Finally, we perform the time-stepping in a loop:

u = Function(V)
t = 0
for n in range(num_steps):

    # Update current time
    t += dt
    u_D.t = t

    # Solve variational problem
    solve(a == L, u, bc)

    # Update previous solution
    u_n.assign(u)

In the last step of the time-stepping loop, we assign the values of the variable u (the new computed solution) to the variable u_n containing the values at the previous time step. This must be done using the assign member function. If we instead try to do u_n = u, we will set the u_n variable to be the same variable as u which is not what we want. (We need two variables, one for the values at the previous time step and one for the values at the current time step.)

Remember to update expression objects with the current time! Inside the time loop, observe that u_D.t must be updated before the solve statement to enforce computation of Dirichlet conditions at the current time step. A Dirichlet condition defined in terms of an Expression looks up and applies the value of a parameter such as t when it gets evaluated and applied to the linear system.

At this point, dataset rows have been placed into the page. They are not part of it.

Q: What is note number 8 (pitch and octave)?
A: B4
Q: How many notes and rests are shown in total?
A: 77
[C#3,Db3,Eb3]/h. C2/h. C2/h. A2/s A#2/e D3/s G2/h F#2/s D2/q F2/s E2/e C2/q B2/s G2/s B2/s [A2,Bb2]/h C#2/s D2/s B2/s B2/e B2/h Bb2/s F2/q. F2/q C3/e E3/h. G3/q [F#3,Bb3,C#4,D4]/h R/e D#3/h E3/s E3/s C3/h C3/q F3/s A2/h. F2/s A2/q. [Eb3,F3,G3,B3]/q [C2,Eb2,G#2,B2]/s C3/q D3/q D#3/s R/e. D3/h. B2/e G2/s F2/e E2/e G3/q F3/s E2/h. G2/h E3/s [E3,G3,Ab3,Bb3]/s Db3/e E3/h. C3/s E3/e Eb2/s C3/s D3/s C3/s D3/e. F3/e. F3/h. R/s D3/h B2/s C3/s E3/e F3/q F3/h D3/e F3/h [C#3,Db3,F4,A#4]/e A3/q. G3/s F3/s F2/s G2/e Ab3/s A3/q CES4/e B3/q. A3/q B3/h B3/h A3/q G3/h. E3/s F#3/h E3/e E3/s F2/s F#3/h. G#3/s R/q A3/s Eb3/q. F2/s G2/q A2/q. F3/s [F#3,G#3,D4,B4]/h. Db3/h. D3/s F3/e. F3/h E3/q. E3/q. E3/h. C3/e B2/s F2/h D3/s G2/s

The time-stepping loop above does not contain any comparison of the numerical and the exact solutions, which we must include in order to verify the implementation. As for the Poisson equation in the section Dissection of the program, we compute the difference between the array of nodal values for u and the array of nodal values for the interpolated exact solution. This may be done as follows:

u_e = interpolate(u_D, V)
error = np.abs(u_e.vector().array() - u.vector().array()).max()
print('t = %.2f: error = %.3g' % (t, error))

For the Poisson example, we used the function compute_vertex_values to extract the function values at the vertices. Here we illustrate an alternative method to extract the vertex values, by calling the function vector, which returns the vector of degrees of freedom. For a \( \mathsf{P}_1 \) function space, this vector of degrees of freedom will be equal to the array of vertex values obtained by calling compute_vertex_values, albeit possibly in a different order.

The complete program for solving the heat equation goes as follows:

from fenics import *
import numpy as np

T = 2.0            # final time
num_steps = 10     # number of time steps
dt = T / num_steps # time step size
alpha = 3          # parameter alpha
beta = 1.2         # parameter beta

# Create mesh and define function space
nx = ny = 8
mesh = UnitSquareMesh(nx, ny)
V = FunctionSpace(mesh, 'P', 1)

# Define boundary condition
u_D = Expression('1 + x[0]*x[0] + alpha*x[1]*x[1] + beta*t',
                 degree=2, alpha=alpha, beta=beta, t=0)

def boundary(x, on_boundary):
    return on_boundary

bc = DirichletBC(V, u_D, boundary)

# Define initial value
u_n = interpolate(u_D, V)
#u_n = project(u_D, V)

# Define variational problem
u = TrialFunction(V)
v = TestFunction(V)
f = Constant(beta - 2 - 2*alpha)

F = u*v*dx + dt*dot(grad(u), grad(v))*dx - (u_n + dt*f)*v*dx
a, L = lhs(F), rhs(F)

# Time-stepping
u = Function(V)
t = 0
for n in range(num_steps):

    # Update current time
    t += dt
    u_D.t = t

    # Compute solution
    solve(a == L, u, bc)

    # Plot solution
    plot(u)

    # Compute error at vertices
    u_e = interpolate(u_D, V)
    error = np.abs(u_e.vector().array() - u.vector().array()).max()
    print('t = %.2f: error = %.3g' % (t, error))

    # Update previous solution
    u_n.assign(u)

# Hold plot
interactive()

This example program can be found in the file ft03_heat.py.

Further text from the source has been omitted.